The Court was near certain to take up the case after both parties requested that it do so, and because similar cases are brewing in other states.

The case is on an expedited timeline, though a slightly slower one than the voters who triumphed in Colorado state court had requested. They wanted oral arguments on January 19, “so that the Court may issue a ruling before in-state Colorado voters begin receiving their ballots on February 12 and well before Super Tuesday.”

Leading up to the Court’s February oral arguments, initial briefs will be due January 18, with respondents’ reply due January 31. Any further reply brief is due February 5.
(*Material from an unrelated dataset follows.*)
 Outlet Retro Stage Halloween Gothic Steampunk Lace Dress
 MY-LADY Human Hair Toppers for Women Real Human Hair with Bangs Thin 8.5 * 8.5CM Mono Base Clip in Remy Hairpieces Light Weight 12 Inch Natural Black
The Court did not specify which questions it would hear in the Friday order, a major point of contention between the parties that might have indicated where the case is headed. Questions suggested by the parties range from whether Congress needs to pass legislation to make the disqualification clause enforceable to whether Trump engaged in insurrection.

Since the Court accepted Trump’s petition to take up the case, it may suggest that they’ll also request briefing on the questions he raised in his brief. Technically, he asked only one — “Did the Colorado Supreme Court err in ordering President Trump excluded from the 2024 presidential primary ballot?” — though in the briefing itself, he seems to ask several separate questions, including urging the Court to review the Colorado courts’ interpretation of state law, a request that is seemingly outside the U.S. Supreme Court’s jurisdiction.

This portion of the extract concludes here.